NBC’s ‘Ellie’ Strives to Break ‘Seinfeld’ Curse
LOS ANGELES (Reuters) – It looks like comic actress Julia Louis-Dreyfus still has a chance to break the “Seinfeld” curse after all.
The Louis-Dreyfus sitcom “Watching Ellie” made a convincing return to the NBC lineup on Tuesday night, ranking No. 2 in total viewers and the key demographic of adults aged 18-to-49 for its new 9:30 p.m. time slot, according to Nielsen Media Research.
Averaging 9.8 million viewers overall, “Ellie” was outpaced by the Fox espionage thriller “24,” which has been thriving in the ratings thanks in large part to the strong lead-in it gets from the hit talent show “American Idol.”
NBC boasted that among viewers aged 18-49, the demographic most prized by advertisers, “Ellie” retained a solid 88 percent of its own lead-in audience from the network’s 90-minute special “Great Women of Television Comedy.”
“Ellie,” which was on the verge of being canned last season after struggling in the ratings, also decisively beat its closest comedy rival, ABC’s “Lost At Home,” in both young adults and overall viewership.
The next big test for “Ellie” will come next Tuesday, when it will air following the venerable sitcom “Frasier,” which has been weathering its own ratings slump of late.
NBC is hoping “Ellie” will benefit from a revamp given the show, which has done away with its “real-time” format and is now being taped with three cameras instead of one before a live studio audience.
Louis-Dreyfus, who played the self-absorbed Elaine Benes on the NBC hit “Seinfeld” for nine years, stars in “Watching Ellie” as a young, single nightclub singer.

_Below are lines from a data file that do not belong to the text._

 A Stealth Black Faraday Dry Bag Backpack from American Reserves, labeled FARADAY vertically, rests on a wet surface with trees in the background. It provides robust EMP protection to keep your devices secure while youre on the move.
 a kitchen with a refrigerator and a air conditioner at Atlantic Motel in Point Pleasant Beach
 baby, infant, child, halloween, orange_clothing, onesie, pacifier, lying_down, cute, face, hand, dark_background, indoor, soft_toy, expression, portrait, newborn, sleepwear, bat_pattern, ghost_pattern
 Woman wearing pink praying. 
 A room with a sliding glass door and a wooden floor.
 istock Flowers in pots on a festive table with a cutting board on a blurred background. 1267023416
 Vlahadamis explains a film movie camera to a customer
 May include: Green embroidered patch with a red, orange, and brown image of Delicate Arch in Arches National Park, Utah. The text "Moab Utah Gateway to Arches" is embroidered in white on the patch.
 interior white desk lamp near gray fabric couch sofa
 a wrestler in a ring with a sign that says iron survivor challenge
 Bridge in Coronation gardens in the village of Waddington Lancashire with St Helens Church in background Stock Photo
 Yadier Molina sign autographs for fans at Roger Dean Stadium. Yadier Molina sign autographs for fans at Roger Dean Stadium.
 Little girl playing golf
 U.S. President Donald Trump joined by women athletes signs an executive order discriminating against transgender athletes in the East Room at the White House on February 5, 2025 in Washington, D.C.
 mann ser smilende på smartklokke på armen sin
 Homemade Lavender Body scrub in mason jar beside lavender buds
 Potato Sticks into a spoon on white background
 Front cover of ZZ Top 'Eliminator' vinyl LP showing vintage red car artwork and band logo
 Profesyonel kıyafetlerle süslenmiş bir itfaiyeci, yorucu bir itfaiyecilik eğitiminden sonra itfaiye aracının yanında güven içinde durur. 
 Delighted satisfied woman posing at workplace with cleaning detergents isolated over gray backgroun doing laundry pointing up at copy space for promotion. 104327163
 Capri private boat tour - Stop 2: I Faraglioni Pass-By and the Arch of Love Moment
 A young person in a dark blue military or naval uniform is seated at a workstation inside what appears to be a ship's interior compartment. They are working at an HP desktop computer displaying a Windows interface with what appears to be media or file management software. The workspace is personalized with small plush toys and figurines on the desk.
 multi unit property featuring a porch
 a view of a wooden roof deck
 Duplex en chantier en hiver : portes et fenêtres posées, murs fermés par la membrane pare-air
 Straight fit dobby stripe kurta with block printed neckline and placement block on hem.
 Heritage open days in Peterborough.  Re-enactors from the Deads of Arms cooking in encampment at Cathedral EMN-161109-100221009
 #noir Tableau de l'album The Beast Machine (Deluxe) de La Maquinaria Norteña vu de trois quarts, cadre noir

The show debuted to hefty viewership in February 2002 following a promotional buildup during NBC’s Winter Olympics coverage. But as its audience dwindled steadily over the next four broadcasts, the show appeared in danger of succumbing to what some TV critics were calling the “Seinfeld curse,” referring to the ill-fated TV returns of fellow “Seinfeld” co-stars Michael Richards and Jason Alexander.
But the show got a reprieve and a make-over after viewership picked up again, and NBC, a unit of General Electric Co., decided to bring it back this year as a mid-season replacement.